The FRAILTY-AVR authors do state that “clinicians should be cautious not to rely solely on questionnaire instruments to diagnose depression.” And Afilalo acknowledges that “the true prevalence of depression” in the cohort is probably “somewhere between” the rate they identified and the rate based on the patients’ medical records.

“There is certainly an under-recognition of depression in the clinical record,” he said. “We don’t necessarily ask the question; we don’t necessarily screen for depression systematically.”

Because the study’s screening tools could not reliably distinguish between clinical depression and depression-like symptoms caused by heart failure, “it’s recommended to confirm the diagnosis with more in-depth psychological evaluation before beginning to consider antidepressant therapy, whether pharmacological or nonpharmacological,” he agreed.

“That being said, the depression screening tool was predictive of outcomes irrespective of whether it was reflecting true depression or, say, a pseudo-depression. So I think it remains valid as a predictive tool.”

Moreover, the authors note, the questionnaire screening “identified a vulnerable subset of patients in whom depressive symptoms did not improve but rather persisted or deteriorated and portended a higher risk.” One-year mortality was tripled for the cohort’s patients who tested positive at baseline as well as 6 months after the procedure.

That’s consistent with expectations, Whooley said, because patients with depressive symptoms more due to heart failure, in contrast to those with true clinical depression, should have fewer symptoms at 6 months.

“So it doesn’t make sense to screen until maybe a few weeks after procedure, after the patient feels better due to valve replacement.”

Patients Testing Positive Were Sicker

The current analysis from FRAILTY-AVR included stable patients age 70 years or older (mean, 81.4 years), of whom 59% were women, slated for TAVR or SAVR from November 2011 to April 2016 at 14 centers in Canada, the United States, and France.

They were screened for depression by using the GDS-SF; for frailty with the Short Physical Performance Battery test and according to Fried criteria; and for cognitive ability using the Mini-Mental State Examination.

At baseline, patients with depression had been more likely than others to have diabetes, chronic kidney disease, hypertension, chronic obstructive pulmonary disease, and cerebrovascular disease and to test positive for frailty and cognitive impairment.

Such differences were at least partly considered in multivariate analyses that controlled for age, sex, physical frailty, cognitive impairment, Society of Thoracic Surgeons (STS) predicted risk, mortality, and whether the procedure was SAVR or TAVR, among other things.

With those adjustments, depression at baseline was a significant predictor of all-cause mortality at 1 month, with an odds ratio (OR) of 2.20 (95% CI, 1.18–4.10).

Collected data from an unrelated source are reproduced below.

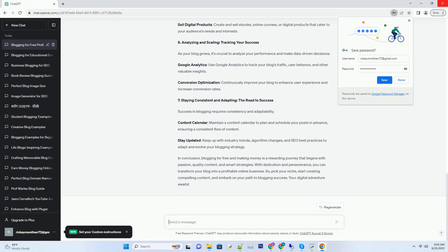Number four: Promoting your blog, getting the word out. Once you've launched your blog, it's essential to promote it effectively to reach a wider audience. Social media engagement: Utilize social media platforms like Facebook, Twitter, Instagram, and Pinterest to share your content and engage with your audience. Email marketing: Build an email list and send newsletters to keep your readers updated about new content and promotions. Guest blogging: Collaborate with other bloggers in your niche by writing guest posts. This helps you tap into their audience and gain exposure.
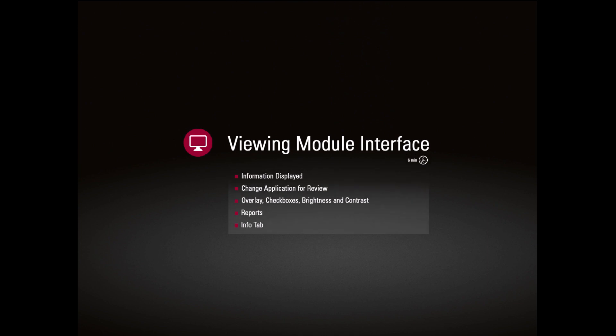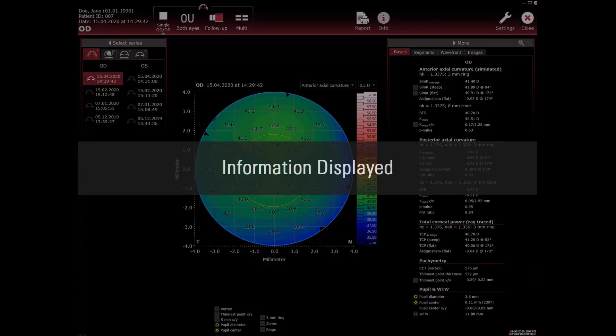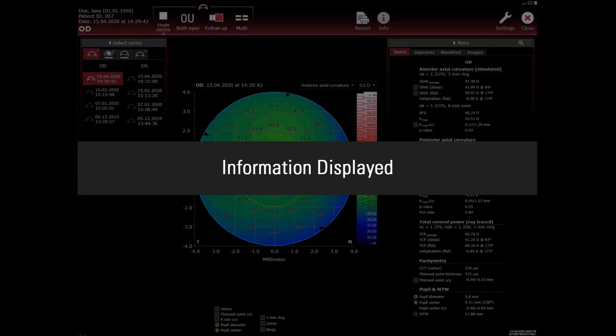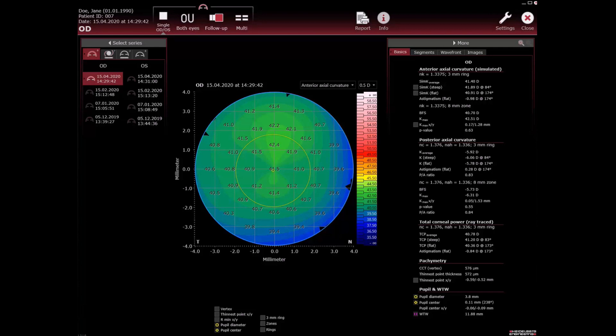Viewing module interface. In the viewing module the following information is displayed.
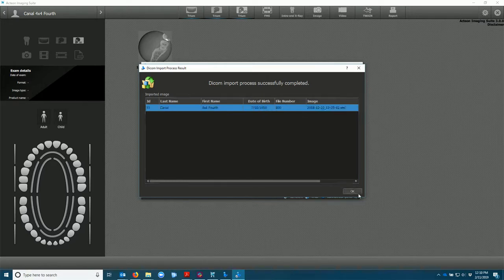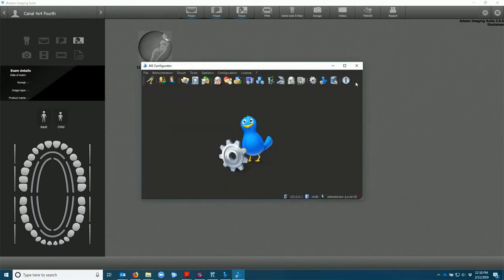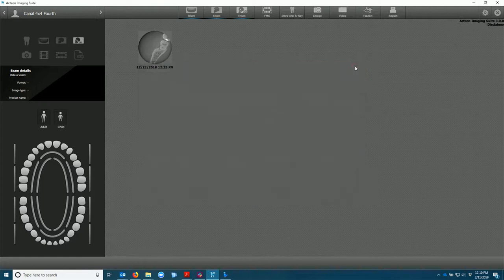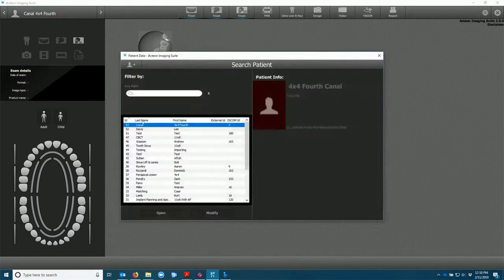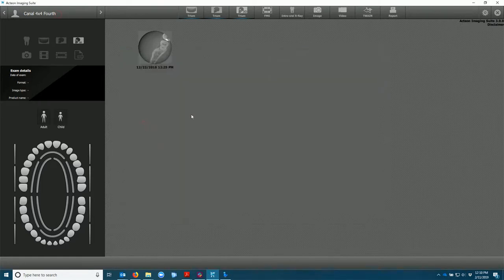Select OK. Close the window. When we go into that patient you'll see the scan there.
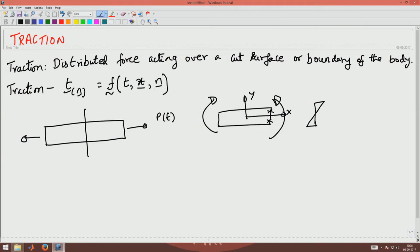This dependence on the normal is something you have to understand — how does it depend? Let's take the example of a uniaxial bar subjected to a uniaxial state of stress. Say I cut this body with two different cuts: one vertical and one inclined cut at an angle theta with the horizontal.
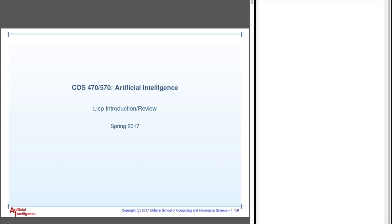Hello and welcome to the Lisp Introduction Review. This is an online version of what I gave to the class on Thursday this past week, and what we'll have over here is the slides that I was using, and then over here we'll have an Emacs session that I'll be using to show you some examples of what I'm talking about.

That wasn’t true for cognitive impairment or frailty, but at 1 year, depression remained a significant predictor; it was joined by cognitive impairment and frailty.

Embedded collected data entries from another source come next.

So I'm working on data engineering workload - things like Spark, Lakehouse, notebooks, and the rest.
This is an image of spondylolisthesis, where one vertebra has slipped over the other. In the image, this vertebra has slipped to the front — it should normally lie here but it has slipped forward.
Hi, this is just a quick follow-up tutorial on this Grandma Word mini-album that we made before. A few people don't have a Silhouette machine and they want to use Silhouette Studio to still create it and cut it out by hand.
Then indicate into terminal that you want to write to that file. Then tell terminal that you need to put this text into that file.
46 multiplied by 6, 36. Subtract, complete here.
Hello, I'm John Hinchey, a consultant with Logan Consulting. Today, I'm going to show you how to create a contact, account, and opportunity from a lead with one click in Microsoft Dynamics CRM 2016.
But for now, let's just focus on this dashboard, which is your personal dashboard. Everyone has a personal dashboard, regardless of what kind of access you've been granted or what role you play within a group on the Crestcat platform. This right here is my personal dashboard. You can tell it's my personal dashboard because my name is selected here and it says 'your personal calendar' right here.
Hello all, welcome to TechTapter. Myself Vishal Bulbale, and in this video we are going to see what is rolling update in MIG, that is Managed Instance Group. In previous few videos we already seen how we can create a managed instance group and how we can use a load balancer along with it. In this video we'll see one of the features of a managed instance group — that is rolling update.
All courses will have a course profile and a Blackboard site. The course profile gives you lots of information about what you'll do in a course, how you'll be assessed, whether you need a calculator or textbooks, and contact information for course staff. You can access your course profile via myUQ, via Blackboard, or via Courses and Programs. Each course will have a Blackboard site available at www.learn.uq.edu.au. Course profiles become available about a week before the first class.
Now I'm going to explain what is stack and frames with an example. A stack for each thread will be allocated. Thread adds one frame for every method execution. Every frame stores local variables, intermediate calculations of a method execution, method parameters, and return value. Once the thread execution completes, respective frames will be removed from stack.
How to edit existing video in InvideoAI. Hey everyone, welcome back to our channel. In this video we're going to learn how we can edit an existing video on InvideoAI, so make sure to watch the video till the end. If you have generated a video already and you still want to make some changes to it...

Table. Odds Ratio for Mortality 1 Year After AVR, by Screening Test Resultsa

Screening Test Result OR (95% CI)
Depression 1.53 (1.03–2.24)
Cognitive impairment 2.31 (1.53–3.49)
Physical frailty 2.37 (1.38–4.09)
aAdjustment included age, sex, physical frailty, cognitive impairment, STS risk score, mortality, and whether SAVR or TAVR was done.

 

Patients who tested positive for depression at both baseline and at the 6-month assessment, 11.3% of the cohort, showed a 12-month mortality risk at an OR of 2.98 (95% CI, 1.08–8.20).

The 18.4% of patients who tested positive at baseline but not at 6 months and the 11.1% testing positive for the first time at 6 months showed a much weaker mortality risk increase or no increase at all.

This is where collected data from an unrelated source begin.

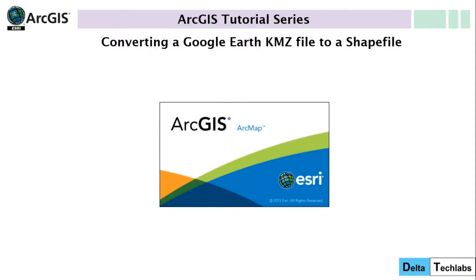Hi, welcome to this ArcGIS tutorial on how to convert a Google Earth KMZ file to a standard shapefile.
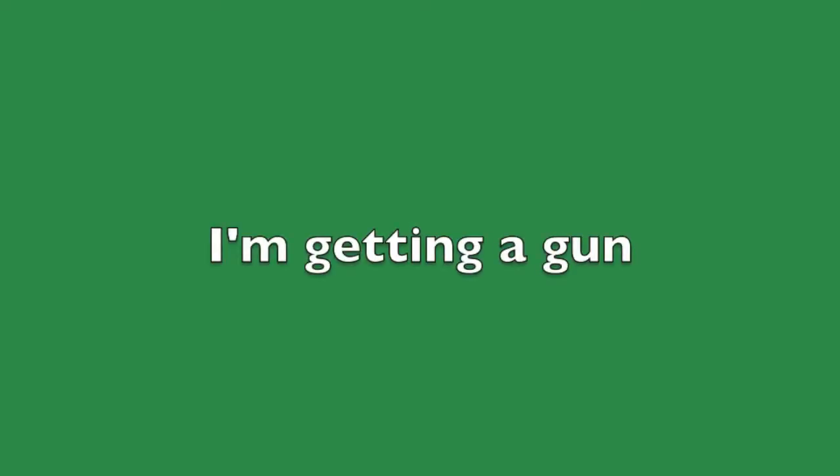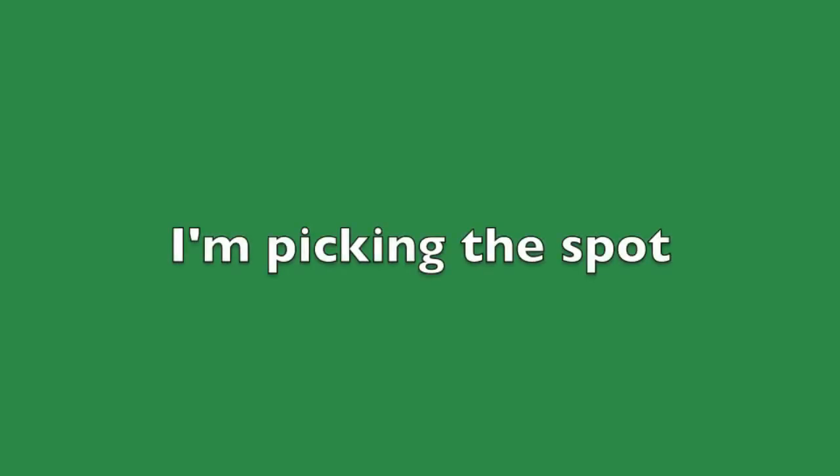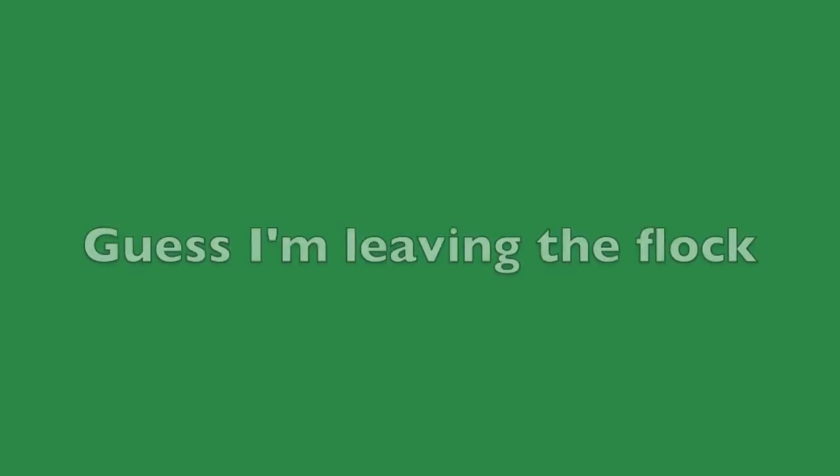I'm getting a gun. The damage is done. I'm picking the spot. Guess I'm leaving the floor.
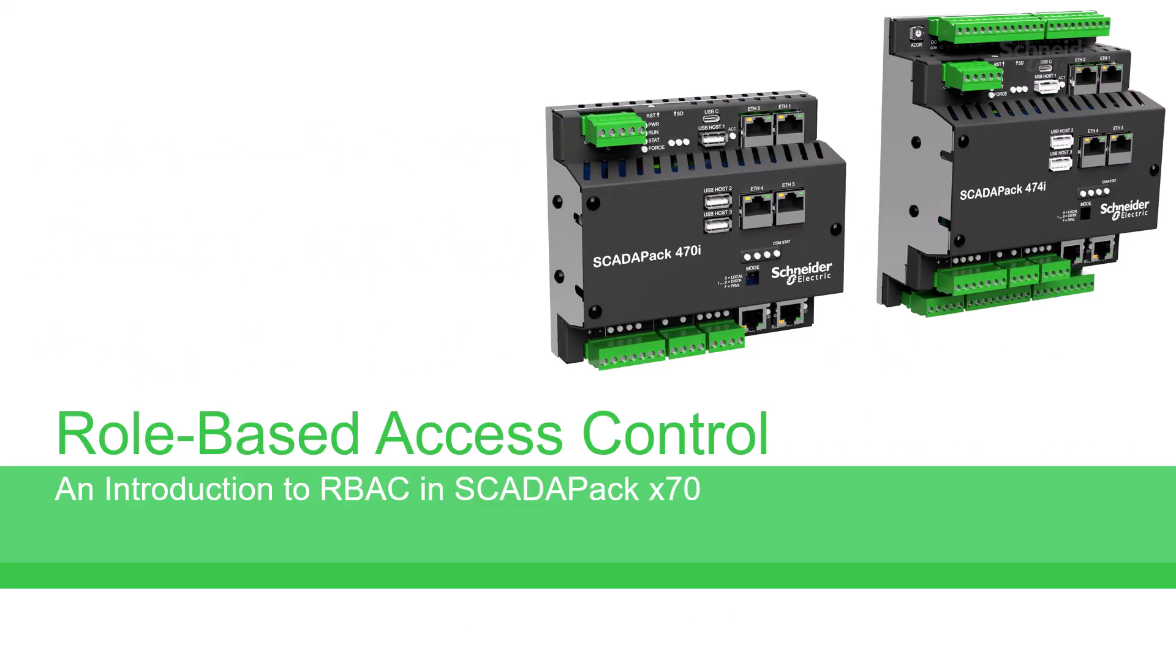With the release of Remote Connect version 3.1.5 and RealFlow version 7.40, the SCADAPack 470i and 474i now include support for Network Role-Based Access Control, or RBAC, using standard IT tools such as Active Directory. In this video, we will introduce RBAC and then demonstrate how you can use it with the SCADAPack 470i and 474i.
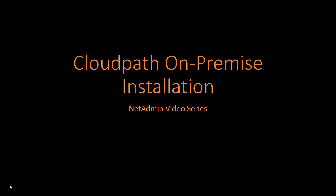Hello and welcome to another NetAdmin video. Today we're going to talk about CloudPath on-premise installation. With CloudPath you've got two options: either cloud or on-premise. The on-premise version can be loaded inside KVM, VMware, or Hyper-V. Today we're going to focus on VMware because that's what I have in my lab environment.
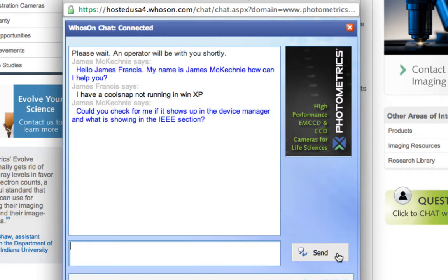If you have any more questions, please contact your local office. James has just come back — he's asking me to check if the device shows up in the Device Manager under the IEEE section. As I say, if you need any more help, please contact your dealer or local sales office. Thanks.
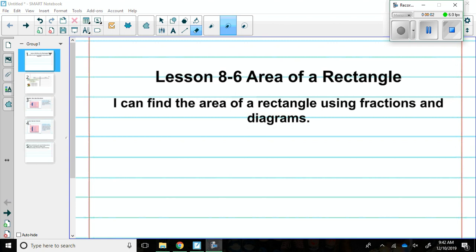Good evening fifth graders. Tonight's lesson is lesson 8-6, Area of a Rectangle.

Afilalo said the group’s conclusions probably would have been similar had patients younger than age 70 years not been excluded from the analysis. “At the time the study was conducted, TAVR was still only being performed for high- and extreme-risk patients. For the most part it predated the evidence to support TAVR in intermediate-risk patients. So it’s very unlikely that even if we had included all ages, we would have captured a significant additional number of TAVR patients.”

Afilalo, Drudi, Patel, and Leon have disclosed no relevant financial relationships. Disclosures for the other authors are in the report.